Exercise objective
Using the listing below, copy exactly each line from the one that has "Imagem: O apartamento" through the one that has "800 SILVER GERMAN BROOCH (1 of 4)"; omit the pictures.

Excerpted data

----

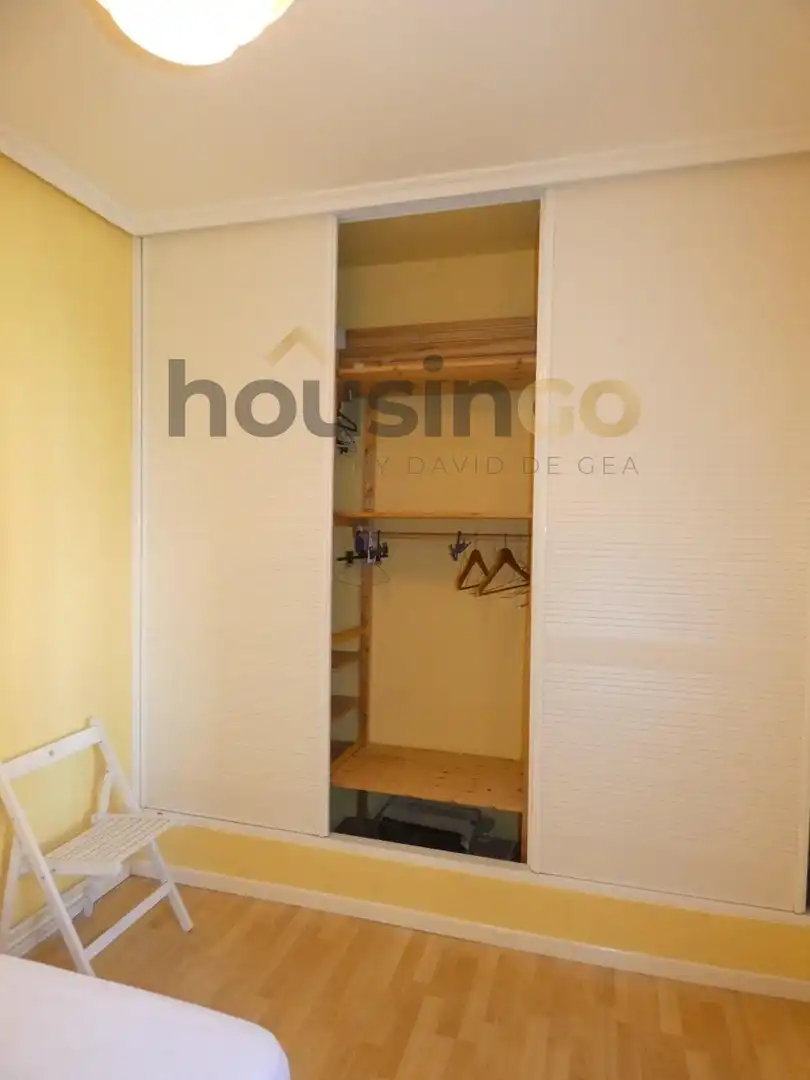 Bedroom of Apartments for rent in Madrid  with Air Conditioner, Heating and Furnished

----

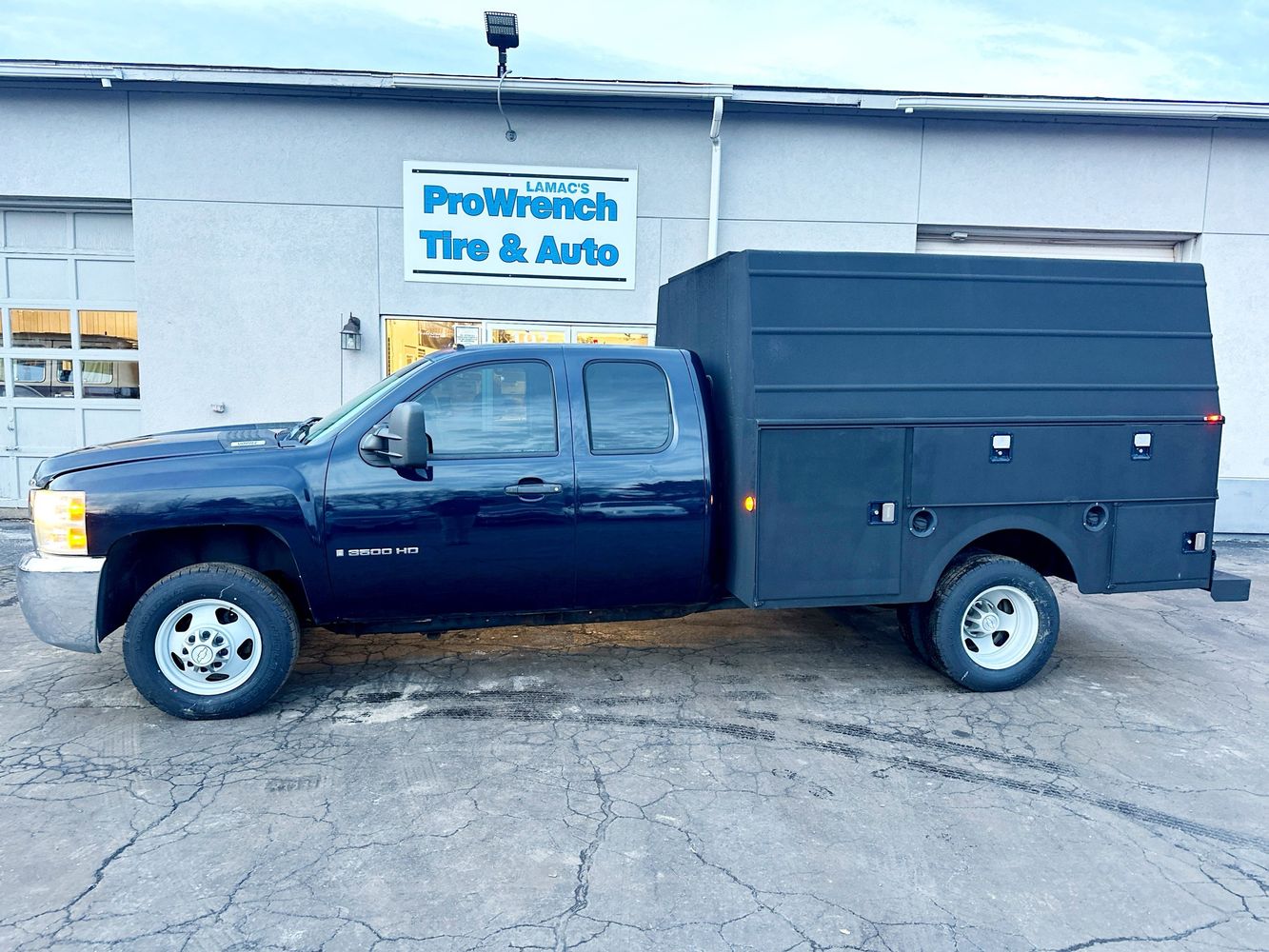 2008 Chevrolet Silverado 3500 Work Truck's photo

----

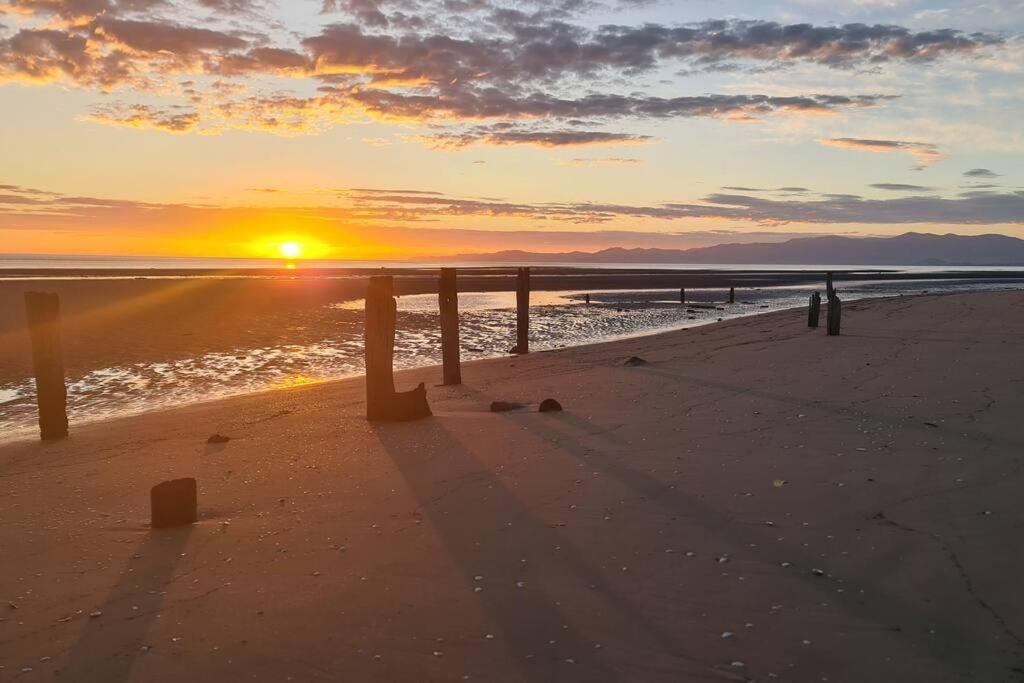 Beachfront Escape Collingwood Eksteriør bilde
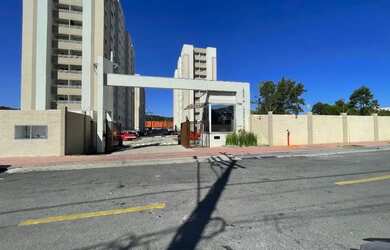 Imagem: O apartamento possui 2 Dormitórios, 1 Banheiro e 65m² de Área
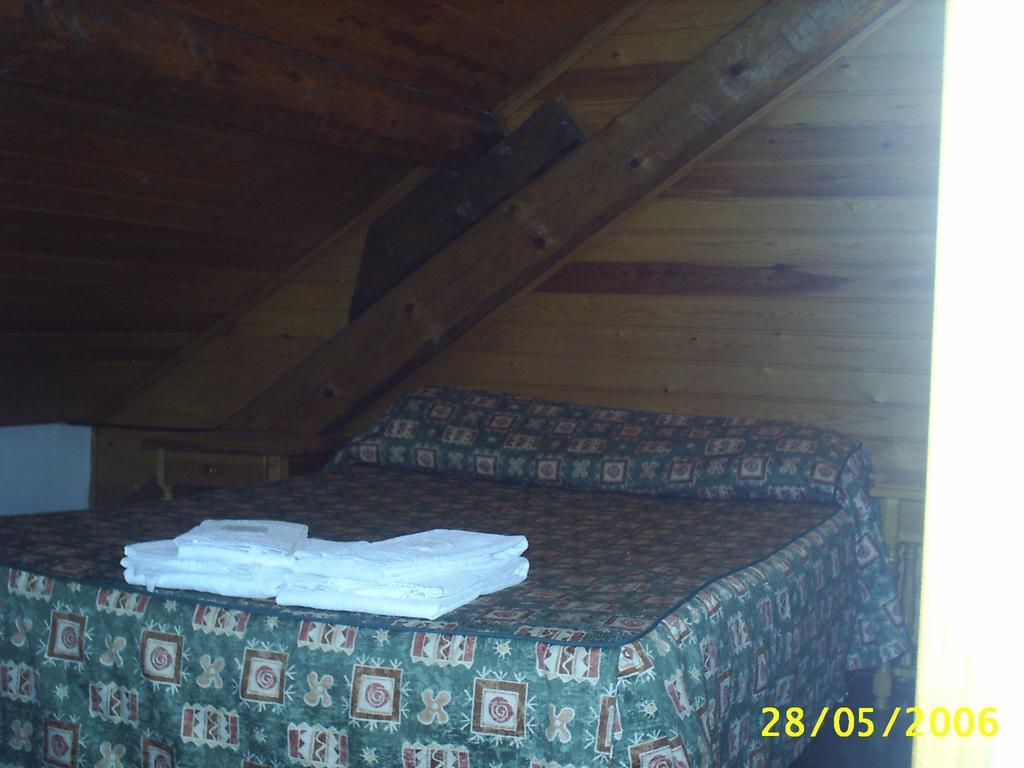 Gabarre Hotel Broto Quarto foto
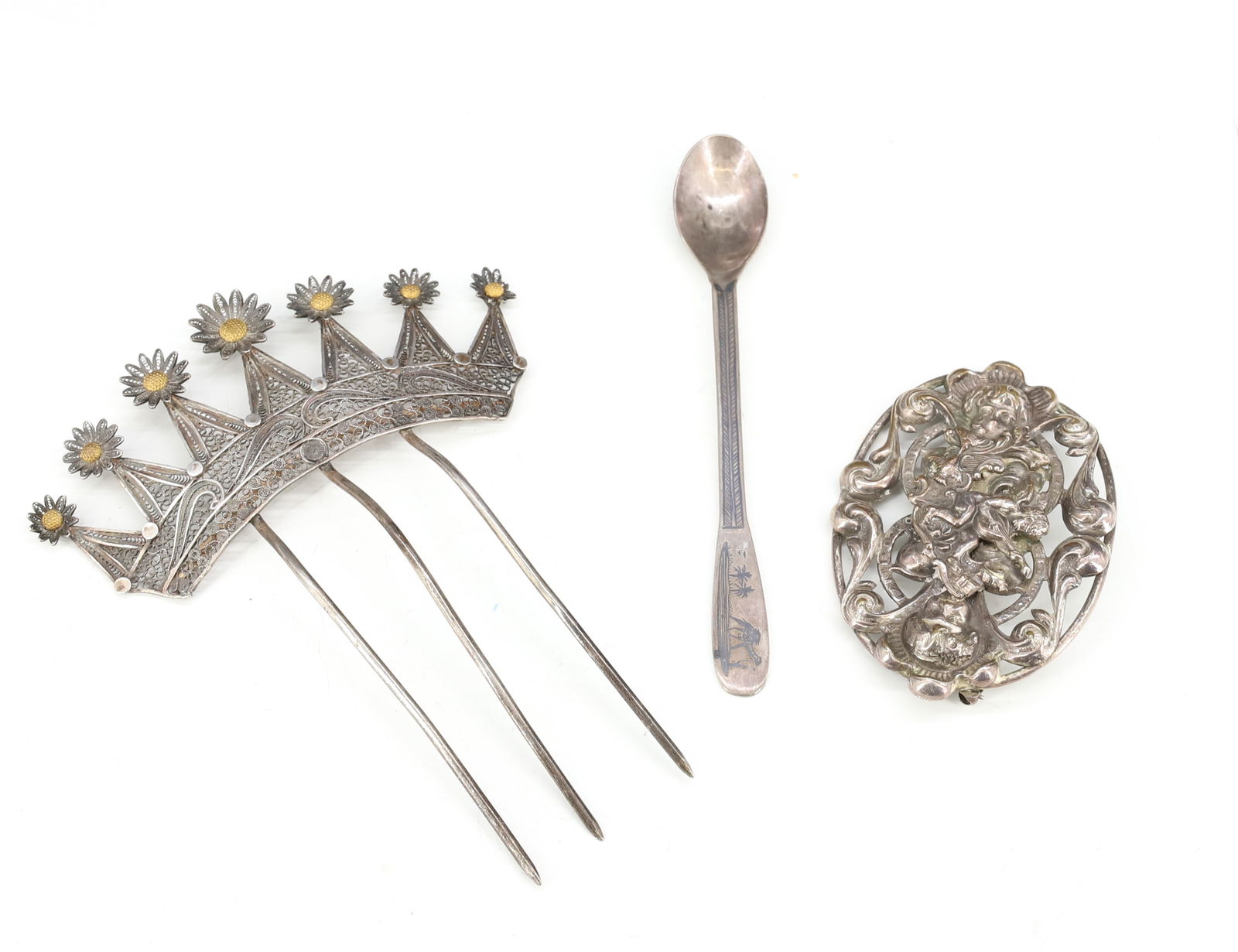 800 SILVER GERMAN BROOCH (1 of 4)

----

Response to the exercise
 Imagem: O apartamento possui 2 Dormitórios, 1 Banheiro e 65m² de Área
 Gabarre Hotel Broto Quarto foto
 800 SILVER GERMAN BROOCH (1 of 4)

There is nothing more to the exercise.